Intolerância

Nos últimos tempos, a falta de aceitação do erro humano, ou, digamos assim, de um "mal" manifestado pela opinião do outro, tem sido uma epidemia junto às redes sociais. Hoje, o mundo digital virou uma arena de embates em diversos setores.

Nesta contenda, tornaram-se comuns os ataques, as ofensas verbais e, saindo do mundo virtual, vieram também as agressões físicas, como aconteceram recentemente em relação a um candidato presidencial, ultrapassando qualquer forma de convivência razoável, pacífica e democrática. O que devemos fazer? Primeiro, conhecer o problema, destacando logo de saída que todos nós somos intolerantes, em algum nível, porque temos ideias bem claras e consolidadas, juízos e opiniões a serem defendidas.

Não existem, por sua vez, entre os povos civilizados, nações completamente intolerantes ou abertamente benevolentes. Sempre esse fenômeno, cuja visibilidade tem sido maior hoje em dia, existiu, mas foi minorado pelo equilíbrio, vagueando entre o vício - intolerante virulento, de "carteirinha" -- e a virtude (intolerante discreto, silencioso, civilizado).

Afastando suas raízes que vêm desde a barbárie, passando pela escravidão e, mais recentemente, atravessando o racismo e o preconceito, observamos que a verdade particular de cada um possui um lado autossuficiente e uma forte tendência a impulsioná-la como forma de condenação implacável e arrogante.

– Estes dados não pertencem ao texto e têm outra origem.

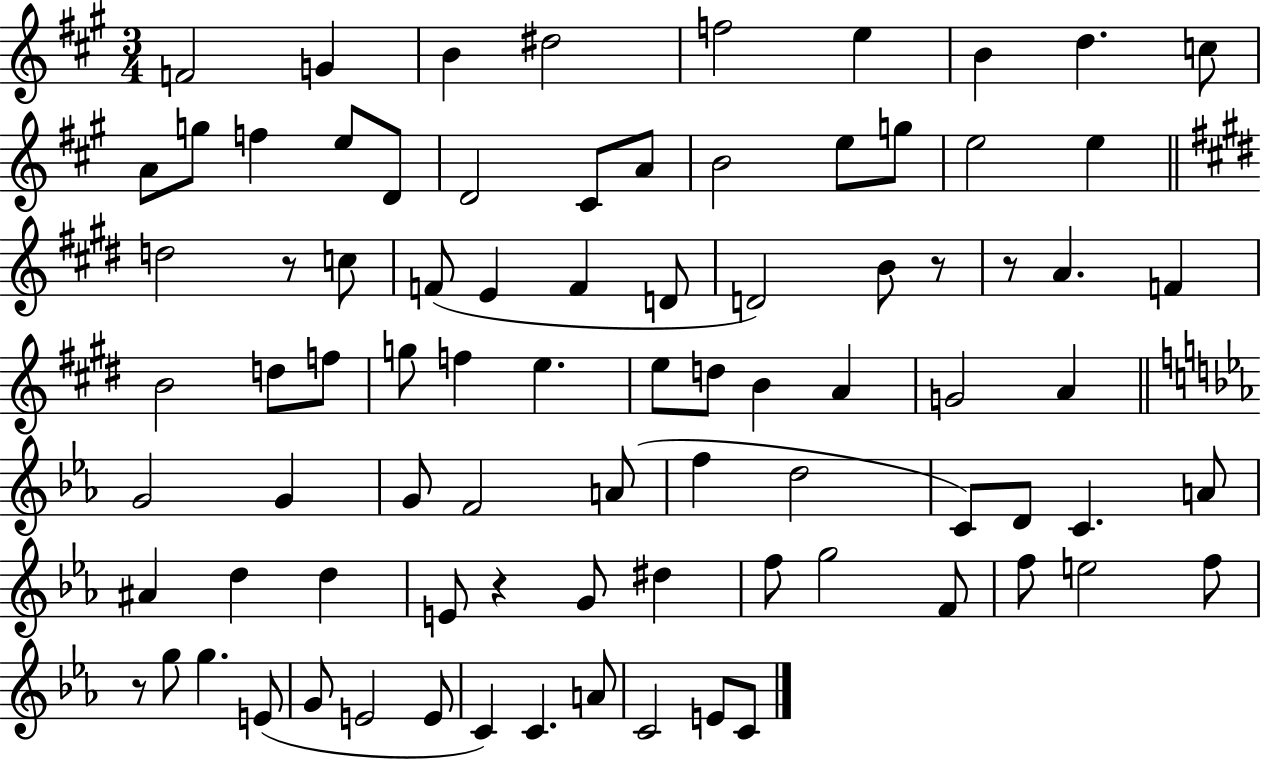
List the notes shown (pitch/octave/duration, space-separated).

F4/h G4/q B4/q D#5/h F5/h E5/q B4/q D5/q. C5/e A4/e G5/e F5/q E5/e D4/e D4/h C#4/e A4/e B4/h E5/e G5/e E5/h E5/q D5/h R/e C5/e F4/e E4/q F4/q D4/e D4/h B4/e R/e R/e A4/q. F4/q B4/h D5/e F5/e G5/e F5/q E5/q. E5/e D5/e B4/q A4/q G4/h A4/q G4/h G4/q G4/e F4/h A4/e F5/q D5/h C4/e D4/e C4/q. A4/e A#4/q D5/q D5/q E4/e R/q G4/e D#5/q F5/e G5/h F4/e F5/e E5/h F5/e R/e G5/e G5/q. E4/e G4/e E4/h E4/e C4/q C4/q. A4/e C4/h E4/e C4/e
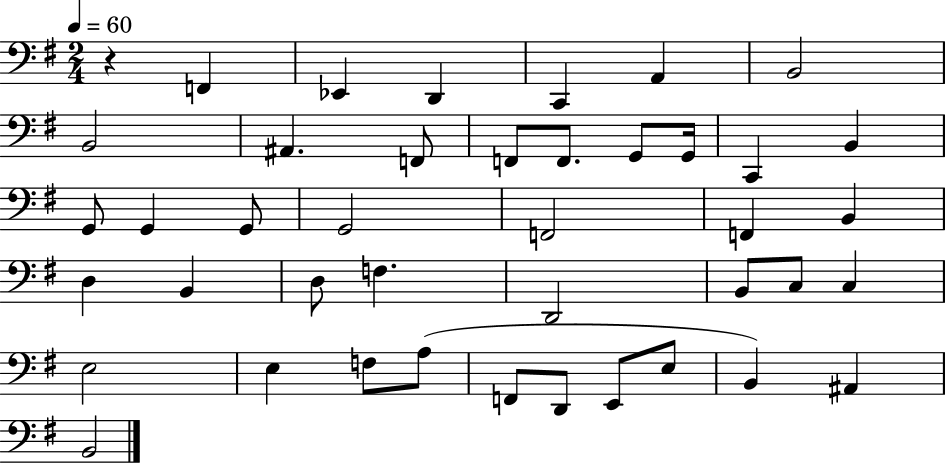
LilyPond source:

{
  \clef bass
  \numericTimeSignature
  \time 2/4
  \key g \major
  \tempo 4 = 60
  r4 f,4 | ees,4 d,4 | c,4 a,4 | b,2 | \break b,2 | ais,4. f,8 | f,8 f,8. g,8 g,16 | c,4 b,4 | \break g,8 g,4 g,8 | g,2 | f,2 | f,4 b,4 | \break d4 b,4 | d8 f4. | d,2 | b,8 c8 c4 | \break e2 | e4 f8 a8( | f,8 d,8 e,8 e8 | b,4) ais,4 | \break b,2 | \bar "|."
}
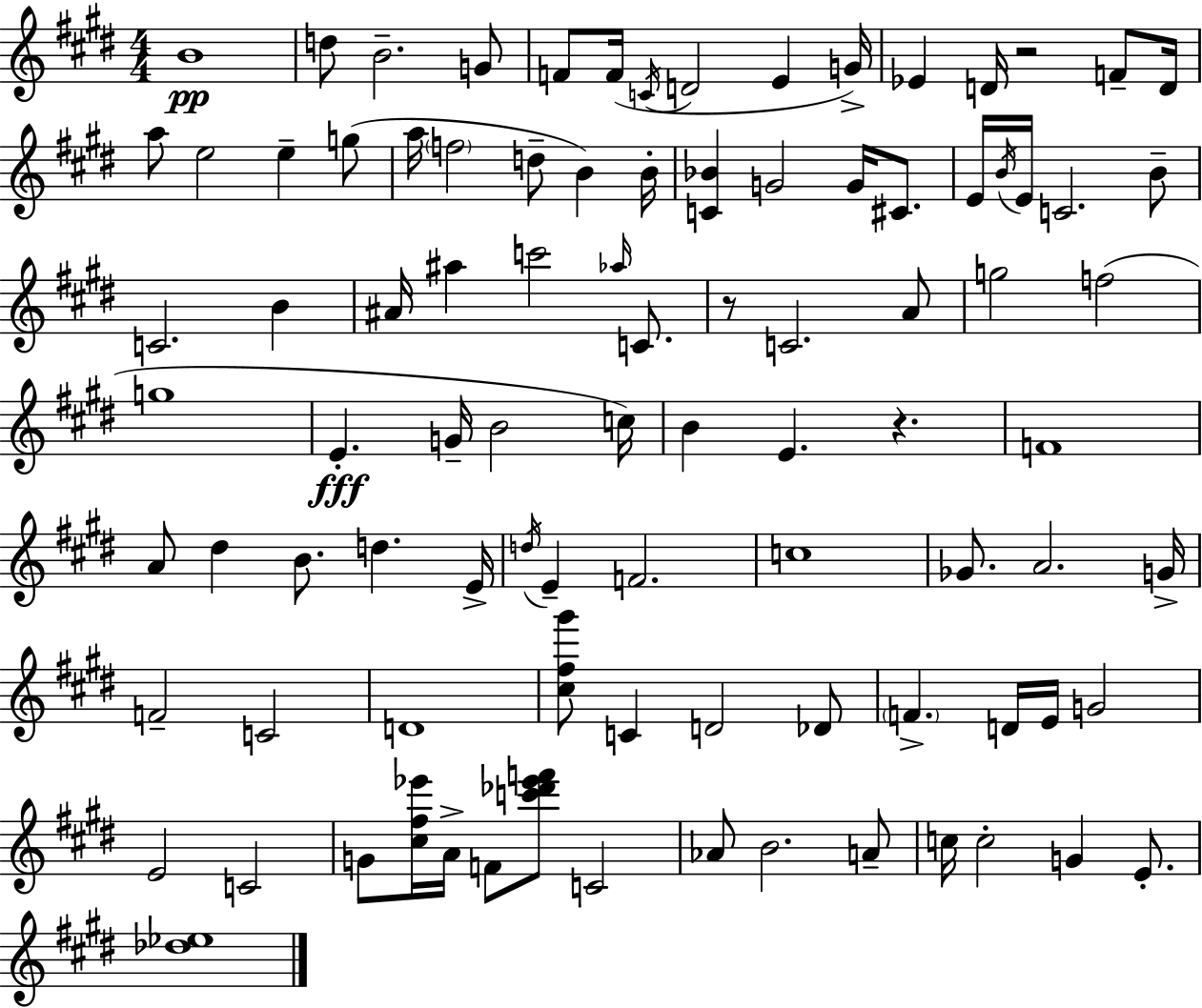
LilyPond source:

{
  \clef treble
  \numericTimeSignature
  \time 4/4
  \key e \major
  b'1\pp | d''8 b'2.-- g'8 | f'8 f'16( \acciaccatura { c'16 } d'2 e'4 | g'16->) ees'4 d'16 r2 f'8-- | \break d'16 a''8 e''2 e''4-- g''8( | a''16 \parenthesize f''2 d''8-- b'4) | b'16-. <c' bes'>4 g'2 g'16 cis'8. | e'16 \acciaccatura { b'16 } e'16 c'2. | \break b'8-- c'2. b'4 | ais'16 ais''4 c'''2 \grace { aes''16 } | c'8. r8 c'2. | a'8 g''2 f''2( | \break g''1 | e'4.-.\fff g'16-- b'2 | c''16) b'4 e'4. r4. | f'1 | \break a'8 dis''4 b'8. d''4. | e'16-> \acciaccatura { d''16 } e'4-- f'2. | c''1 | ges'8. a'2. | \break g'16-> f'2-- c'2 | d'1 | <cis'' fis'' gis'''>8 c'4 d'2 | des'8 \parenthesize f'4.-> d'16 e'16 g'2 | \break e'2 c'2 | g'8 <cis'' fis'' ees'''>16 a'16-> f'8 <c''' des''' ees''' f'''>8 c'2 | aes'8 b'2. | a'8-- c''16 c''2-. g'4 | \break e'8.-. <des'' ees''>1 | \bar "|."
}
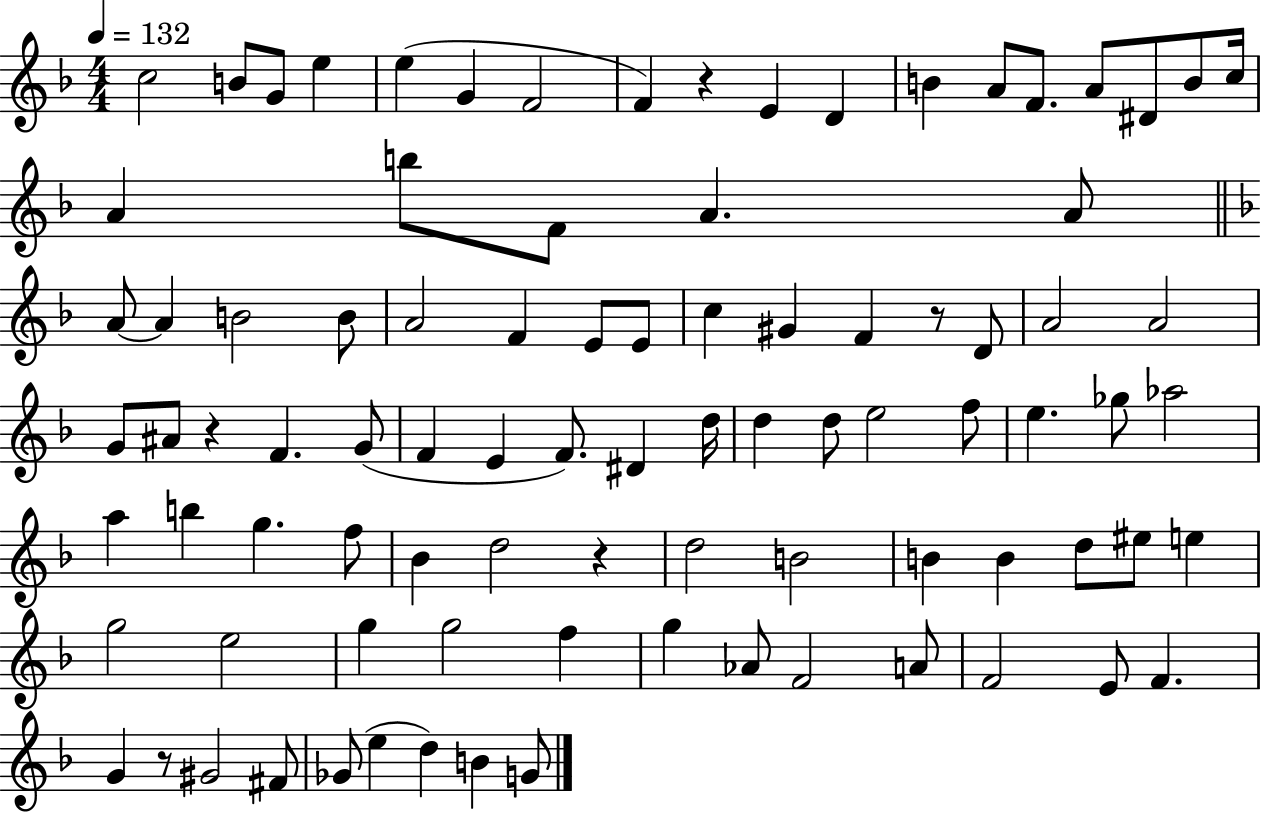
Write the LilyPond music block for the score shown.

{
  \clef treble
  \numericTimeSignature
  \time 4/4
  \key f \major
  \tempo 4 = 132
  \repeat volta 2 { c''2 b'8 g'8 e''4 | e''4( g'4 f'2 | f'4) r4 e'4 d'4 | b'4 a'8 f'8. a'8 dis'8 b'8 c''16 | \break a'4 b''8 f'8 a'4. a'8 | \bar "||" \break \key f \major a'8~~ a'4 b'2 b'8 | a'2 f'4 e'8 e'8 | c''4 gis'4 f'4 r8 d'8 | a'2 a'2 | \break g'8 ais'8 r4 f'4. g'8( | f'4 e'4 f'8.) dis'4 d''16 | d''4 d''8 e''2 f''8 | e''4. ges''8 aes''2 | \break a''4 b''4 g''4. f''8 | bes'4 d''2 r4 | d''2 b'2 | b'4 b'4 d''8 eis''8 e''4 | \break g''2 e''2 | g''4 g''2 f''4 | g''4 aes'8 f'2 a'8 | f'2 e'8 f'4. | \break g'4 r8 gis'2 fis'8 | ges'8( e''4 d''4) b'4 g'8 | } \bar "|."
}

Por isso, H.L. Mencken dizia que os cínicos eram frequentemente mais tolerantes e humanos, enquanto os fanáticos não tinham limites para a opressão. O problema maior é quando a intolerância munida da força da verdade se torna justicialista. Para Noberto Bobbio, no exato momento em que posso perseguir os outros em nome da verdade face ao erro, atribuo aos outros, sem desejar que isso aconteça, a mesma faculdade, ou o mesmo direito de me perseguirem. Conclui o filósofo: "hoje é você, amanhã a mim".

A aceitação do erro humano decorre de uma razão humana e cristã: respeito ao próximo. Nesta aceitação, devemos afastar momentaneamente a imposição da verdade como forma de condenação. Depois, ser posto no centro do ponto de vista do outro. Aqui, o conselho do filosofo Emanuel Mounier é extraordinário no sentido de "não me aproximar de alguém semelhante", com os mesmos propósitos, as mesmas ideias e reproduzi-las, acrescento.

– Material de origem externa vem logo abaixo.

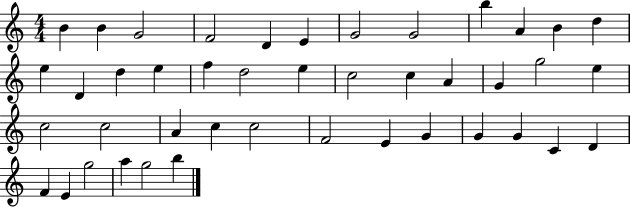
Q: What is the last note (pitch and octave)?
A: B5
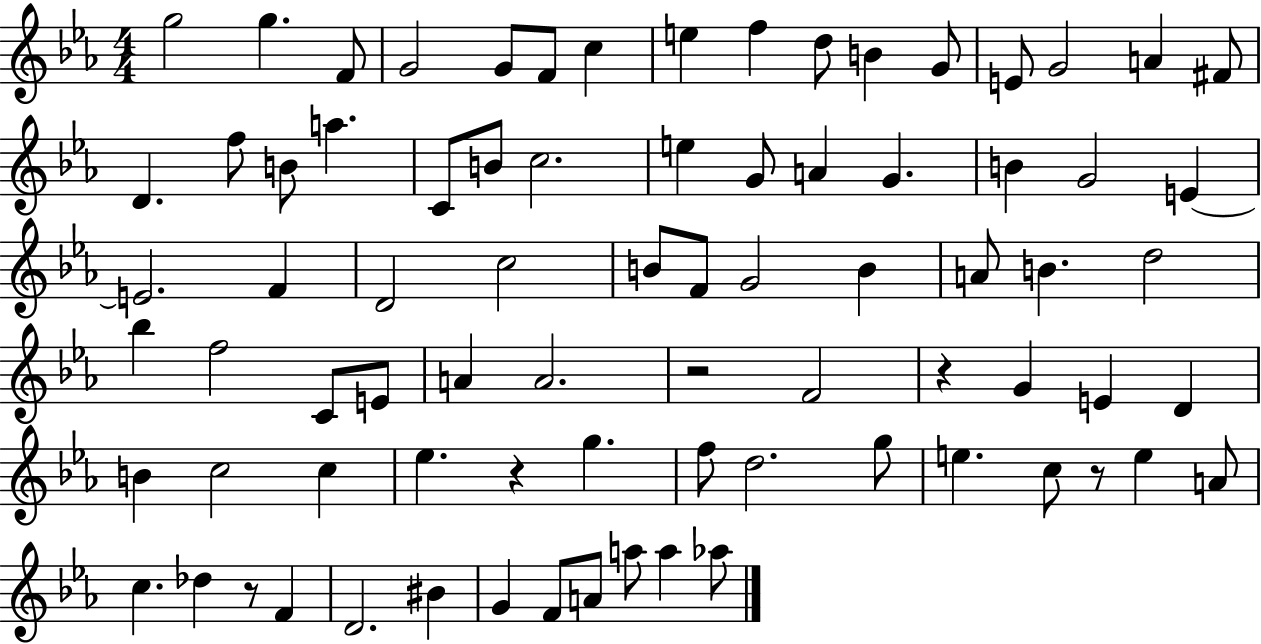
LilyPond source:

{
  \clef treble
  \numericTimeSignature
  \time 4/4
  \key ees \major
  \repeat volta 2 { g''2 g''4. f'8 | g'2 g'8 f'8 c''4 | e''4 f''4 d''8 b'4 g'8 | e'8 g'2 a'4 fis'8 | \break d'4. f''8 b'8 a''4. | c'8 b'8 c''2. | e''4 g'8 a'4 g'4. | b'4 g'2 e'4~~ | \break e'2. f'4 | d'2 c''2 | b'8 f'8 g'2 b'4 | a'8 b'4. d''2 | \break bes''4 f''2 c'8 e'8 | a'4 a'2. | r2 f'2 | r4 g'4 e'4 d'4 | \break b'4 c''2 c''4 | ees''4. r4 g''4. | f''8 d''2. g''8 | e''4. c''8 r8 e''4 a'8 | \break c''4. des''4 r8 f'4 | d'2. bis'4 | g'4 f'8 a'8 a''8 a''4 aes''8 | } \bar "|."
}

Ou seja, fazer exatamente o oposto das redes sociais. Aconselha mais: "não conhecer o outro como um saber de caráter geral, mas abraçar a sua singularidade, num ato de aceitação e um esforço de aproximação".

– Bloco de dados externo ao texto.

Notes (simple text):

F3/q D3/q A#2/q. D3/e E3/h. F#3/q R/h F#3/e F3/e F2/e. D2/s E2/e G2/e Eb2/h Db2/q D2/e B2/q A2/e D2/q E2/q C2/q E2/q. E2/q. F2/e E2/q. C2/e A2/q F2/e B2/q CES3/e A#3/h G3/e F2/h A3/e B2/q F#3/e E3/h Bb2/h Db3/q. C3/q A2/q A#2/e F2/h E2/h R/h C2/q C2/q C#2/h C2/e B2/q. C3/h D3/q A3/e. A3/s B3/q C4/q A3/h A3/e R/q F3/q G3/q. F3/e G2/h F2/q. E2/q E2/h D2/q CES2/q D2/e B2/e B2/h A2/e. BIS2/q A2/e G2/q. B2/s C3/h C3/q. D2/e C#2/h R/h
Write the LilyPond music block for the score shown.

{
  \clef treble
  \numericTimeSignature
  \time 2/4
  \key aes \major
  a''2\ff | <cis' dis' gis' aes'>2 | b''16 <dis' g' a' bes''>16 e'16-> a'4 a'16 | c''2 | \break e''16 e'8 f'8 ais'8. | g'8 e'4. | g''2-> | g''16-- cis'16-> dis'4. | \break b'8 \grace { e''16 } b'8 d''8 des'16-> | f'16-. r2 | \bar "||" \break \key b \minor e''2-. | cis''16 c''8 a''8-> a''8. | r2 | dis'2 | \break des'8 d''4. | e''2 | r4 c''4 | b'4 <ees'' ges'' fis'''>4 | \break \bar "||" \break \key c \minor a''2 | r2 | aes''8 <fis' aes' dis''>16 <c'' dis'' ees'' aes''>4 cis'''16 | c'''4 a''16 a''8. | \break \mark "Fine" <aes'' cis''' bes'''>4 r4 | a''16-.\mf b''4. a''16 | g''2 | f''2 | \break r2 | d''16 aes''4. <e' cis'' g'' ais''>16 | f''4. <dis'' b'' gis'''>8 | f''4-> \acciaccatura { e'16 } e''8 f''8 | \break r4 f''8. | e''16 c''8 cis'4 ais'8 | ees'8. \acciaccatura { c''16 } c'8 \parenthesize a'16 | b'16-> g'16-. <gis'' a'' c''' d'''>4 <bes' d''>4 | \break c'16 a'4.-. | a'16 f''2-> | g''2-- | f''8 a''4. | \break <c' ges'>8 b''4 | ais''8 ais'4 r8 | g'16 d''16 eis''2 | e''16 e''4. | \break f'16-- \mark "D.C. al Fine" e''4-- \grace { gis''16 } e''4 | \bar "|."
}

Penso que a adoção de pelo menos três posturas possam evitar a intolerância. Primeiro: a alteridade na vocação de se colocar no lugar do outro, sem que isso signifique concordância. Segundo, a substituição da "imposição" pela "persuasão" (conversando todos se entendem) e, por fim, certa dose de neutralidade, alguma coisa semelhante ao laicismo, como programa genérico que, aliás, foi aceito por todas as religiões, pois caso contrário a grande maioria das igrejas experimentariam diversos conflitos.